Ein Klettersteig für Kinder, der perfekt ist für Einsteiger: So einen gibt es auf der Schrofenwies. Hier können die kleinen Alpinisten sich zum ersten Mal an einer Via Ferrata ausprobieren. Von der Höhe und der Länge her, eine ideale Anlage und sich in das Stahlseil einzuklinken. In Warth-Schröcken haben wir diesen Klettersteig für Kinder ausprobiert.

Der Klettersteig Spiderman in Warth-Schröcken ist ideal zum Üben. foto (c) kinderoutdoor.de

Wer sich an den Klettersteig Spiderman wagt, sollte eine Ahnung von der Via Ferrate und eine gute Ausrüstung haben. foto (c) kinderoutdoor.de

Am Einstiegsblock geht es über Trittbügel hinauf. foto (c) kinderoutdoor.de

Wie lange muss ein Fixseil im Felsen sein, damit die Outdoorkids ihre Freude haben? 50 Meter reichen völlig aus. Beim  Klettergarten Schrofenwies im Lechtal ist der Spiderman Klettersteig so lange und ideal um hier erste Erfahrungen am Felsen zu sammeln. Das soll jetzt keine Aufforderung sein, ohne Vorahnung sich dort einzuklinken. Immerhin auf eine Höhe von zehn Metern führt der Eisenweg im Felsen hinauf und wer will schon von einem Zehner im Freibad auf den Boden fallen? Alle die noch nie einen Klettersteig ausprobiert haben, kommen am besten mit einem Bergführer zur Schrofenwies. Der zeigt den Anfängern wie sie das Klettersteigset richtig anlegen. Auch bekommen die Neulinge erklärt wie sie sich am Stahlseil mit den Karabinern sichern. “Niemals beide Karabiner gleichzeitig öffnen!” erkärt der Bergführer den Kindern “Zuerst den Vorderen öffnen, über den Stahlstift umsetzen und wieder einklinken. Jetzt kommt erst der zweite Karabiner dran.” Der erfahrene Alpinist zeigt es den Kindern wie sie die Karabiner korrekt handhaben sollen. Dann sind die Kleinen selbst dran und probieren das eben Gezeigte aus. Wenn es notwendig ist, korrigiert der Bergführer. Die Kinder bekommen auch erklärt, warum es wichtig und richtig ist im Klettersteig einen Helm zu tragen. “Wenn über Euch jemand klettert und Steine lostritt oder von der Ausrüstung etwas verliert, dann kann euch das auf den Kopf fallen und verletzen.” Die Erwachsenen bekommen gezeigt, wie sie die Kinder am Klettersteig zusätzlich sichern können.

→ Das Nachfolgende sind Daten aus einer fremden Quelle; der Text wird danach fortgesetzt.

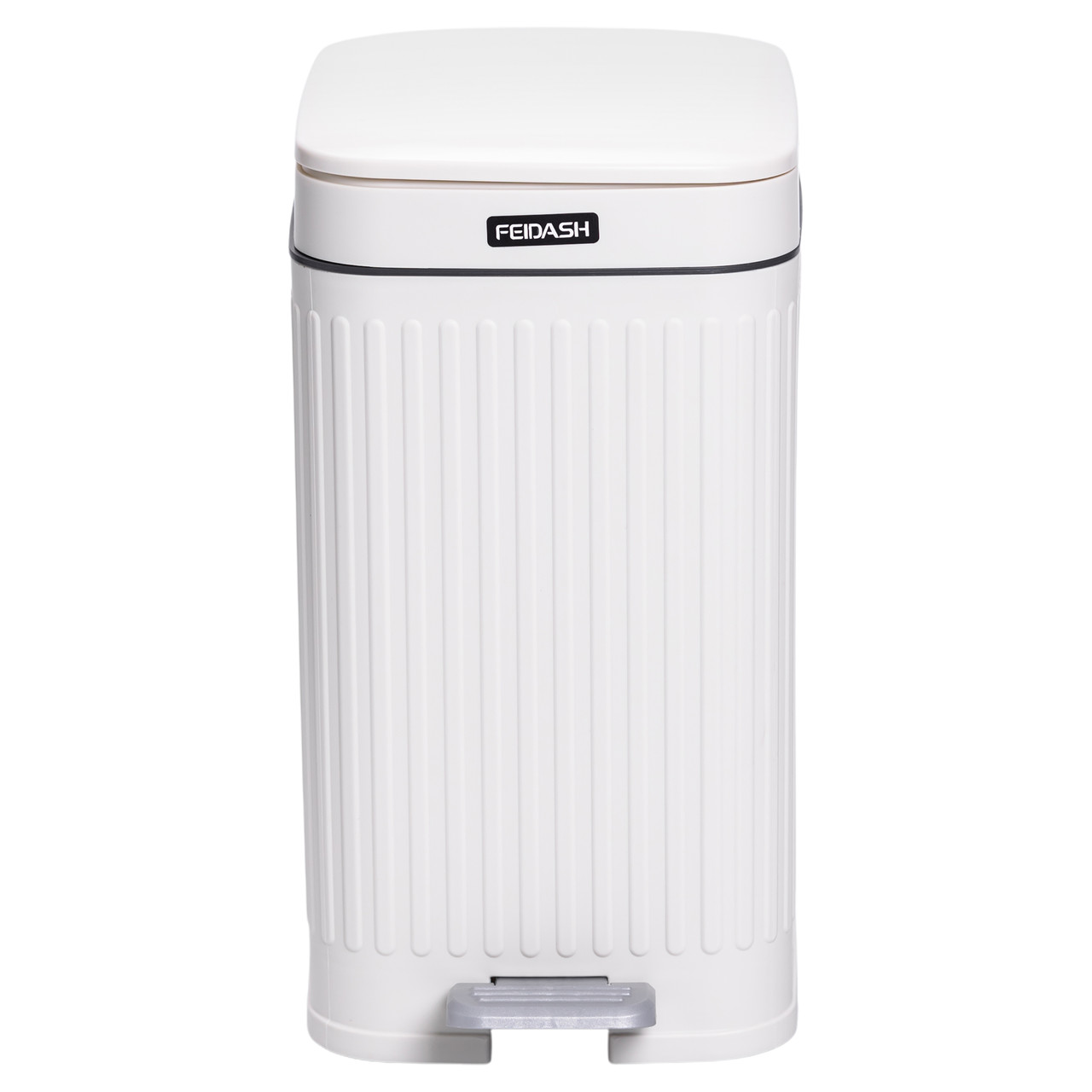 Відро для сміття з педаллю 5л відро для сміття з кришкою і педаллю Білий HP-45-11BE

Klettersteig für Kinder: Die Seilbrücke wartet schon

Ein weiterer Vorteil an dieser Via Ferrata ist der kurze Zustieg. In wenigen Minuten ist die Felswand erreicht. Der Bergführer zeigt den Kindern am vordersten Block wo es langgeht. Ein kurzes Klicken der Karabiner und schon geht es rauf. Trittbügel erleichtern die Outdoorkids den Aufstieg. Immer wieder gibt es Tipps vom Bergführer. Nun hängen die Kinder zum ersten Mal die Karabiner um. Der Bergführer ist zufrieden. Vom Schwierigkeitsgrad sind wir hier in der Klasse B unterwegs. Zum Vergleich: Die extremsten Klettersteige sind mit einem F klassifiziert. Zum Glück ist der Spiderman davon weit entfernt und die Kinder kommen zügig voran. Am steilsten Stück vom Einstiegsfelsblock ist die Schwierigkeit sogar bei C. Doch auch diese Stelle meistern die Outdoorkids. Nun wartet eine interessante Passage auf die Knilche am Stahlseil: Sie queren am Felsennach rechts. Wenn die Kinder dort am Ende angekommen sind, können sie problemlos auf die Bergwiese aussteigen. Auf gut zehn Meter Höhe sind die kleinen Kraxler nun unterwegs. Souverän hängen sie die Karabiner um und queren die Wand konzentriert. Der Bergführer erklärt den Knilchen wie es weiter geht. Sie steigen nun am Stahlseil gesichert ab. Auch hier gibt es eine Stelle die manche erfahrenen Alpinisten mit C einstufen. Den Kindern ist es egal und sie kraxeln langsam am Felsen nach unten. Jetzt kommt für die Knilche der eigentliche Höhepunkt: Die Seilbrücke! Darauf haben sich die kleinen Bergsteiger schon gefreut, als sie sich beim Einstieg in das Stahlseil eingeklinkt haben. Vor einer grandiosen alpinen Kulisse bewegen sie sich auf der Seilbrücke zum Felsenblock auf dem das Abenteuer begann. Diese Passage ist mit B bewertet, doch das interessiert die Kinder eher weniger. Noch einmal die Karabiner vom Klettersteigset umsetzen und über die beiden Trittbügel im Felsen absteigen.Die Kinder haben wieder festen Boden unter den Füßen und klinken sich aus. Zum Glück ist beim Klettergarten Schrofenwies auch eine Rastbank mit Tisch dabei und dort setzen sich die Nachwuchsalpinisten erst einmal hin um zu fachsimpeln.